Rosendorfer hätte auch anders beginnen können, etwa in heiterer Entfernung zum "privatmystischen Schwulst" oder mit unwagnerianischen Fragen, die er vor allem dem "miesen Dramatiker und großartigen Szeniker", also dem Dichter Wagner stellt. Oper für Oper, so verstrickt chronologisch wie assoziativ und augenzwinkernd arbeitet der gelernte Jurist leger und unterhaltsam Text- und Quellenkritik auf, um die Inhalte der Werke parodierend zu entthronisieren und biografische Bissen in die Handlungen zu flechten.

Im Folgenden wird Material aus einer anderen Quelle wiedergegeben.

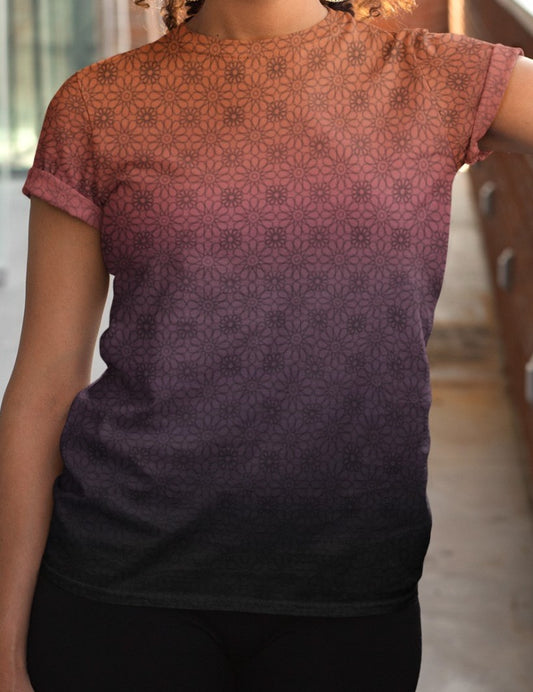 This completely custom women's handmade t-shirt has a ombre floral pattern, with the neckline being a sunset orange then it fading to a light purple then to a darker purple at the waistline of the shirt, there is a dark purple floral pattern overlayed on the top that faded into the bottom of the shirt.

Als "musikalischer Erbsenzähler" erweist sich Rosendorfer wahrlich nicht. Die Musik tritt in den emotionalen Hintergrund: "Für die einzige Arie der Eboli in ,Don Carlos': ,O don fatale' gebe ich alle, ich sage: alle Wagner-Opern hin", schreibt er und, "dass Wagners Kunst nie im Innersten ergreift, dass eine Szene wie Wotans Abschied vielleicht göttlich ist - aber nicht menschlich". Und zuweilen arbeitet Rosendorfer wie Herr Schlappenseich (nicht wie Schlingensief), schneidet sich genüsslich vom "unerschöpflichen Speck" des Ebers Sährimnir, der jeden Tag auferstehen muss, um die Walhall-Helden ewig zu ernähren, Bonmots und Ironie, nicht nur, wenn er sich das Leben der toten Helden vorstellt: "Abends dann Siebzehn-und-Vier oder vielleicht Walküren-Strip".

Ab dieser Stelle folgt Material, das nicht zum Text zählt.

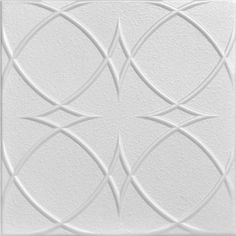 a white ceiling tile with an intricate design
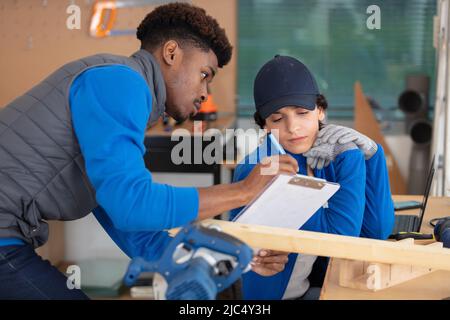 affidabile carpentiere femmina che misura in officina Foto Stock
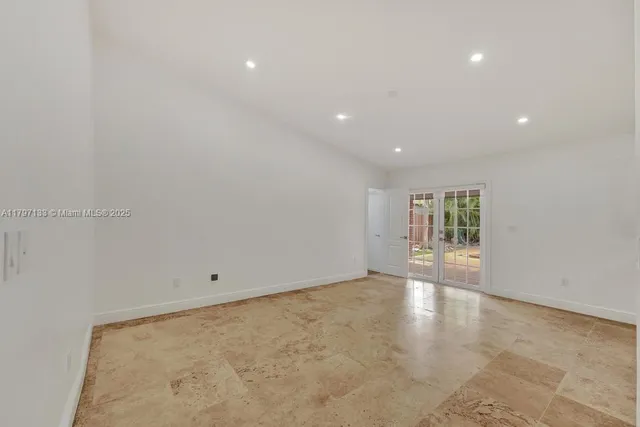 a kitchen with granite countertop a sink and white cabinets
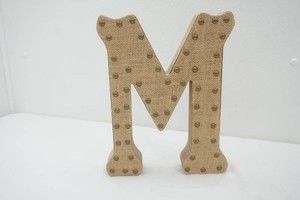 burlap covered wooden letter M accented with brass nail head trim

Ist der Liebestrank ein Placebo? Warum warnt Wotan den Wurm? Es bleibt erfrischend, wie Rosendorfer den Götterhimmel abgrast und die Stellen sucht, auf die das Lindenblatt der Leidenschaft fiel. Das Buch beginnt am Ende, mit der Initiation der Festspiele auf dem grünen Hügel in Bayreuth, mit der sakrosankten Erbfolge, den politischen Dilemmata. Die Wirkung auf die Nationalsozialisten wird ebenso ungeschönt bearbeitet wie Wagners rassistisch begründeter Antisemitismus mit den miesen Erniedrigungen Giacomo Meyerbeers, aus Eitelkeit, wie Rosendorfer weiß. Beinah hämisch berichtet der Autor, dass die Uraufführung von Wagners "Bekenntniswerk Parsifal" - das Münchner Hofopernorchester war mit Nachdruck seitens Königs Ludwig II: nicht ohne den Dirigenten zu haben - Hermann Levi, ein Jude, dirigierte.

Und übrigens habe Wagner "die Figur des Siegfrieds nicht als Dümmling" zeichnen wollen. Er sei ihm "nur, verräterischerweise, so geraten. Er, Wagner, der kleine Intrigant, Lavierer, Schmeichler, eher eine Mime, wäre gern der freie, weltverachtende Held gewesen - sprich der kraftstrotzende Idiot". Noch ein Zitat: "Wagner, der Heide - blieb Heide trotz seines späteren Kuschens vor der bigotten Cosima, vor der er eingegangen ist wie böhmische Leinwand oder eben wie Wotan vor Fricka. Der ,Ring', eine Autobiographie?" Hätte das Folgen?